Using scikit API make_blob and keras, I created distinct number of clusters (number of classes) of data that I trained using a simple fully connected multilayer-perceptron network.
HOW TO RUN PROGRAM
1. Using anaconda, import the environment from environment.yml
2. Make any desired changes to parameters.py
3. Run classifier.py
4. Run tester.py
5. Check out the figs/ folder for results
After running the program, new plots should be generated under figs/ The trained model should be saved to saved_models/ A gif of the networks predictions at the various epochs can also be found in figs/ but will also be saved to networks/
Below are the results using my data and network parameters.
The model is a simple mlp with 3 hidden layers, all using the relu activation function (output layer uses sigmoid). The summary can be found below:
| Model Summary |
Layer (type) | Output Shape | Param # |
---|---|---|
dense_1 (Dense) | (None, 32) | 96 |
dense_2 (Dense) | (None, 32) | 1056 |
dense_3 (Dense) | (None, 16) | 528 |
dense_4 (Dense) | (None, 4) | 68 |
Total params: 1,748
Trainable params: 1,748
Non-trainable params: 0
The training data consists of 4 distinct classes, made up from 100 data points.
Here is a plot of the training and validation loss dring the training process. The data can be also found under saved_models/old_log.txt.
The test data is similar to the training data, however there is more data (200 points). When the model evaluates the training data, the labels should correspond to this graph.
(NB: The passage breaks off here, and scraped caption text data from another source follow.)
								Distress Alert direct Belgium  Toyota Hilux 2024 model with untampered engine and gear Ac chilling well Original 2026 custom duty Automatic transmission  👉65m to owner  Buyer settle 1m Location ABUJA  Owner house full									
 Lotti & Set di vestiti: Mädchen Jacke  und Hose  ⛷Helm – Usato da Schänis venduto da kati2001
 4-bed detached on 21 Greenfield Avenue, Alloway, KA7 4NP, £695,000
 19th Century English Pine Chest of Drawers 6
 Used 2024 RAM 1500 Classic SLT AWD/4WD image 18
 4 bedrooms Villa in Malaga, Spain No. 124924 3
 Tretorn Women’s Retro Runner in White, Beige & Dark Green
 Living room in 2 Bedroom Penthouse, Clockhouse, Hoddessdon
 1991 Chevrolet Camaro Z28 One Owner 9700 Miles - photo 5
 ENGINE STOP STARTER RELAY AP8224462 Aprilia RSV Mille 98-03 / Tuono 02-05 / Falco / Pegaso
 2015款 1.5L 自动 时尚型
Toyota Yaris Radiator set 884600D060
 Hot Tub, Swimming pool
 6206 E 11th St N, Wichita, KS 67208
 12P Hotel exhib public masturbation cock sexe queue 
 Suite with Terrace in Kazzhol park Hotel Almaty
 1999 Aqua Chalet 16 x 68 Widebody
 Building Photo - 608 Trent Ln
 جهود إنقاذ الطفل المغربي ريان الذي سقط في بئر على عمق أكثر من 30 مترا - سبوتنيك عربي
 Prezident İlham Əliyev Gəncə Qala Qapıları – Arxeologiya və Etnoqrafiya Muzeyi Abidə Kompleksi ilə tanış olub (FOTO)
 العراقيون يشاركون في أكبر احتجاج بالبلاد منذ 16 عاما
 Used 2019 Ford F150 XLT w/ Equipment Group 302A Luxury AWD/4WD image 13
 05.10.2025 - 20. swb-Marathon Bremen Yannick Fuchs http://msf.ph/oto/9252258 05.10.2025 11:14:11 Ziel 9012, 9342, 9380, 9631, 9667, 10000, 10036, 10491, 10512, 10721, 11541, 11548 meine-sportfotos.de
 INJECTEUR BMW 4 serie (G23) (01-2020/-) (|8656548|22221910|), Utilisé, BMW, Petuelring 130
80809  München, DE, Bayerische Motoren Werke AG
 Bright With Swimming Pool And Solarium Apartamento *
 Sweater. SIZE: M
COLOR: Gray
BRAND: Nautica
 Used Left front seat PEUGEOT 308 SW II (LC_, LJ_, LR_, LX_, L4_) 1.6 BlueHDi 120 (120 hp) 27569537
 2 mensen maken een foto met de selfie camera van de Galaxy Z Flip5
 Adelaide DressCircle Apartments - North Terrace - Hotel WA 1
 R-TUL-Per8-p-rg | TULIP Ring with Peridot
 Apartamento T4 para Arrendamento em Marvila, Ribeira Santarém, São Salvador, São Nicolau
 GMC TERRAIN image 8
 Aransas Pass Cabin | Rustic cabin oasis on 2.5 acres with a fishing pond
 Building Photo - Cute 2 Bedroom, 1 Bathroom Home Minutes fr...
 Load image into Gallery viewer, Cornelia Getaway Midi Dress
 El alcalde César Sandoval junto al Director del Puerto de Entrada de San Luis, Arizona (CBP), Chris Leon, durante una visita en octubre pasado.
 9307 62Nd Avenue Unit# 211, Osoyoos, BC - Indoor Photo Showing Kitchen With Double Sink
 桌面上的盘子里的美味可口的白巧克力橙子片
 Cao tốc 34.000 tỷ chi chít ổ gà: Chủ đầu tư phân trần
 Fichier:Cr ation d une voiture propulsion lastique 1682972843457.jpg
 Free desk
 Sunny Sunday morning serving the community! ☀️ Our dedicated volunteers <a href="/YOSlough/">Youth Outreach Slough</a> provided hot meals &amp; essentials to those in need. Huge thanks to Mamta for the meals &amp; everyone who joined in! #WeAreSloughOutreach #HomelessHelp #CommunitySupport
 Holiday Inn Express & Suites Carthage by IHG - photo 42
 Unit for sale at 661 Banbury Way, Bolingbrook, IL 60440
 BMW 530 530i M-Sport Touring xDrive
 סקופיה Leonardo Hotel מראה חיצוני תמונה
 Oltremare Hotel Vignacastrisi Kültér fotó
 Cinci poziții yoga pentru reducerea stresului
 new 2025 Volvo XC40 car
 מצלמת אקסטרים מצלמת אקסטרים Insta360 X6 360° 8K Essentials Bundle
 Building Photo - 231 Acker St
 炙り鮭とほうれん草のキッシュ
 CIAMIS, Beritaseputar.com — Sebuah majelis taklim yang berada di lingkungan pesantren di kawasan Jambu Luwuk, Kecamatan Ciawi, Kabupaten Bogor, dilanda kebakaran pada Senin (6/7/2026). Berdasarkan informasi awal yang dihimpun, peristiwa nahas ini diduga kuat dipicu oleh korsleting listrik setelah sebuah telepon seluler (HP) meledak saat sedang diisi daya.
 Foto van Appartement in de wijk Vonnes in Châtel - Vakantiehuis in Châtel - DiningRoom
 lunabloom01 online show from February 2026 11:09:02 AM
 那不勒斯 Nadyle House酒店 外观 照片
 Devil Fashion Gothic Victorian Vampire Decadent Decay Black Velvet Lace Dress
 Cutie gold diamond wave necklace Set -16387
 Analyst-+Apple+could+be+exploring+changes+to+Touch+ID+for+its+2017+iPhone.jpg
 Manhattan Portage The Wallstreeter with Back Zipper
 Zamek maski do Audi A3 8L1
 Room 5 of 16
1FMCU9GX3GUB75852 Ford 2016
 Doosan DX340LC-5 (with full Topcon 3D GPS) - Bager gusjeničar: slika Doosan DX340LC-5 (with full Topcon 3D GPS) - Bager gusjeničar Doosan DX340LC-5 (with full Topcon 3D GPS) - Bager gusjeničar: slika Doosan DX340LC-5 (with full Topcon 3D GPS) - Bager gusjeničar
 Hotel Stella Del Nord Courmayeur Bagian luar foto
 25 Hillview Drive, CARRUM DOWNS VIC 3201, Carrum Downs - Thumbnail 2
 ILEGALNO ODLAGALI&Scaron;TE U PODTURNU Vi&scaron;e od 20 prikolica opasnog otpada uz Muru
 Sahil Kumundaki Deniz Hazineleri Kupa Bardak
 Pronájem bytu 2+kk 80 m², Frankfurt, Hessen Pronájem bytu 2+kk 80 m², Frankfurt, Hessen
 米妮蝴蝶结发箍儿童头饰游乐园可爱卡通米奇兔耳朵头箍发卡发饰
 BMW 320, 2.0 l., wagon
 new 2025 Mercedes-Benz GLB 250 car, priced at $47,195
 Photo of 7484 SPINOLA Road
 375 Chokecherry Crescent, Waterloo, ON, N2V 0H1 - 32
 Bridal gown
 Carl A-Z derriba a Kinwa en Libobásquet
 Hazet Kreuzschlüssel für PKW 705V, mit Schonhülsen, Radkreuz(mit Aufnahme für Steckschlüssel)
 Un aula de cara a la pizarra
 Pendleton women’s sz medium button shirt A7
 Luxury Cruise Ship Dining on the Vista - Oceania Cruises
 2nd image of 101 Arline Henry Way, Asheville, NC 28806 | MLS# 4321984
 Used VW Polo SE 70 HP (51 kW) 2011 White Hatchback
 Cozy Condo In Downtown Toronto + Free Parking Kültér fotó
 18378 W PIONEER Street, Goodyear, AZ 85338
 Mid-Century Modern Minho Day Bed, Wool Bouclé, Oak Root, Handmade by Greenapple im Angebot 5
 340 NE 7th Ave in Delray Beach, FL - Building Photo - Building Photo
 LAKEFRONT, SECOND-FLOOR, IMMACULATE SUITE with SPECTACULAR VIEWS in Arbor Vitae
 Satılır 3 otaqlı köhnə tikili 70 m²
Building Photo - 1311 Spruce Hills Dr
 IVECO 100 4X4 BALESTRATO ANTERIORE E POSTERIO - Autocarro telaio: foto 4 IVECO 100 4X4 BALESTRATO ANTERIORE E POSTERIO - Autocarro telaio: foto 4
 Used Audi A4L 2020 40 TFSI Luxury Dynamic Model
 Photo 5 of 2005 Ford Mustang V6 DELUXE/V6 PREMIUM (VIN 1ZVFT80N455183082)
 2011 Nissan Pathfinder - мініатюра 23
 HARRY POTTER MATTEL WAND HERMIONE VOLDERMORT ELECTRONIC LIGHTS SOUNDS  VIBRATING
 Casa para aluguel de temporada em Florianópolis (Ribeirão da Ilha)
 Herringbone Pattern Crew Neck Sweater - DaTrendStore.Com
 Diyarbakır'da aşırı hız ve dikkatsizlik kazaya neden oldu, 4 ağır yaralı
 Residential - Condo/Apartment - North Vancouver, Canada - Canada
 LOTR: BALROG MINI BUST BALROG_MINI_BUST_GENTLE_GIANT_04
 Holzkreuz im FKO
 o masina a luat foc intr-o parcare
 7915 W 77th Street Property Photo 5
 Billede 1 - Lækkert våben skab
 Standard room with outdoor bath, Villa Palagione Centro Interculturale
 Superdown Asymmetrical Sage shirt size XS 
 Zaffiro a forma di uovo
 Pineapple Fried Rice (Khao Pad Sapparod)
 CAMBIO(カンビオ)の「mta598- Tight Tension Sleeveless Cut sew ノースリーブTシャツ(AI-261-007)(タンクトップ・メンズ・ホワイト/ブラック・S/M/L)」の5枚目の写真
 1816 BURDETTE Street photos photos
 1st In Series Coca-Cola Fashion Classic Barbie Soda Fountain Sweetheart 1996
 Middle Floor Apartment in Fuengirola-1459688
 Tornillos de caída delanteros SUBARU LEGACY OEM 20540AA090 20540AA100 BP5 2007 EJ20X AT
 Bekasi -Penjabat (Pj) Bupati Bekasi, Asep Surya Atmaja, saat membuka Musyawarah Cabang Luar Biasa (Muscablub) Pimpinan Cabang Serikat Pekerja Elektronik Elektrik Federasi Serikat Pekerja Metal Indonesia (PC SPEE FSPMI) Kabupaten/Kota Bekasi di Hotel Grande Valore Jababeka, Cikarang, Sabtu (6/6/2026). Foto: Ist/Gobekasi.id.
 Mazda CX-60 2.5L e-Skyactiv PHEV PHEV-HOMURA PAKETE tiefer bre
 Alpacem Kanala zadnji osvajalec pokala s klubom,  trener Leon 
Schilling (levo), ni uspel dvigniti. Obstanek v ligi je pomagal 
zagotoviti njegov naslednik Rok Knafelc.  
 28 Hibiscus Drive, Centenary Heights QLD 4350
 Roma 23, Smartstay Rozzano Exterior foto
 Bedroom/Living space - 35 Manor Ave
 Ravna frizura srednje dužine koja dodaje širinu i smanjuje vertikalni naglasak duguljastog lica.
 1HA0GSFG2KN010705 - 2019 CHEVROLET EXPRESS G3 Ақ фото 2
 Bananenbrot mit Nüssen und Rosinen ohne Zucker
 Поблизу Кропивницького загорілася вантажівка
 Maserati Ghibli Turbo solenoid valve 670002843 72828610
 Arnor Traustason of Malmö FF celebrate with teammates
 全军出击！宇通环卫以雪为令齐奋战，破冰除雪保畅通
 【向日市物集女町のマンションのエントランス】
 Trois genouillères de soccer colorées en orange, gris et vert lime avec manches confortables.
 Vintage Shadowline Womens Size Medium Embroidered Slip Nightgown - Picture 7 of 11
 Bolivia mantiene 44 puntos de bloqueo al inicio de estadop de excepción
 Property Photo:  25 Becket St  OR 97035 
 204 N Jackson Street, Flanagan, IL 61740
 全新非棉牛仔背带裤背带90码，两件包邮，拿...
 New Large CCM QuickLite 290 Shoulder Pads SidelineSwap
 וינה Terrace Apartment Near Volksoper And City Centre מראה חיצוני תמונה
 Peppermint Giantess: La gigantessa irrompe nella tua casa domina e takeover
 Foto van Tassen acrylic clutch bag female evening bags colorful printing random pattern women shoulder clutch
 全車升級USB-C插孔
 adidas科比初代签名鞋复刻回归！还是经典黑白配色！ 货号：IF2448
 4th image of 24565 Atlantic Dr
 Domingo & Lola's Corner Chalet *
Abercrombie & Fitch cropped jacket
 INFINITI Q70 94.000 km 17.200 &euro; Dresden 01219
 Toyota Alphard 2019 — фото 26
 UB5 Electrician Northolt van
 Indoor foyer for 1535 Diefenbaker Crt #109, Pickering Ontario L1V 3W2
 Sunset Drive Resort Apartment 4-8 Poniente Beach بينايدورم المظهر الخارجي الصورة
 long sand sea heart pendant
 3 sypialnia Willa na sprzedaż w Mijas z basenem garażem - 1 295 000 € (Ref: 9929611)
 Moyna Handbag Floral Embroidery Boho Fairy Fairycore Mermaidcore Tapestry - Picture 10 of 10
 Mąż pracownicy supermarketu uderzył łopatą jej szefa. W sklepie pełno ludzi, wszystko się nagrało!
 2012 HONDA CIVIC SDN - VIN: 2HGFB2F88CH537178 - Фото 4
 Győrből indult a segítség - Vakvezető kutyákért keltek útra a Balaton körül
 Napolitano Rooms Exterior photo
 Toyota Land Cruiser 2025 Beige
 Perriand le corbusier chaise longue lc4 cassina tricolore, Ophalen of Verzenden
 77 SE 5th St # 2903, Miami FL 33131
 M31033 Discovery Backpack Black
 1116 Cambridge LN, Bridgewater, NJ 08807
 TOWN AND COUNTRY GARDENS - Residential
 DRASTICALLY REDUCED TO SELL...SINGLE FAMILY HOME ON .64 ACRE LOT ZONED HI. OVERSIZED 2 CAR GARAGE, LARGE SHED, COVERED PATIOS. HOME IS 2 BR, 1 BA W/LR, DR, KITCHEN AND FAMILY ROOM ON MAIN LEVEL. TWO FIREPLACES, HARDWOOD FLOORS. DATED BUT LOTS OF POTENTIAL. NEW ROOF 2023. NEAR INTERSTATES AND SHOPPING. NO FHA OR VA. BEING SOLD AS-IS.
Here is a plot of the models predictions over time:
The final result:
As you can see, the model predicted almost all of the samples correctly, except for the two points in the black region that were misclassified as red.
Overall, the network had an accuracy of 99.0%
Chaning n_features is not advised, as this would make the plots innacurate since they dont show the additional dimensions.
Changing n_classes will change the number of clusters. Numbers more than 4 may run into the problem of overlap in the clusters.
The seed is randomly generated, however you can easily change it to be any number you want if you want to work with the same dataset every time.
The number of nodes for each of the 3 layers are also editable.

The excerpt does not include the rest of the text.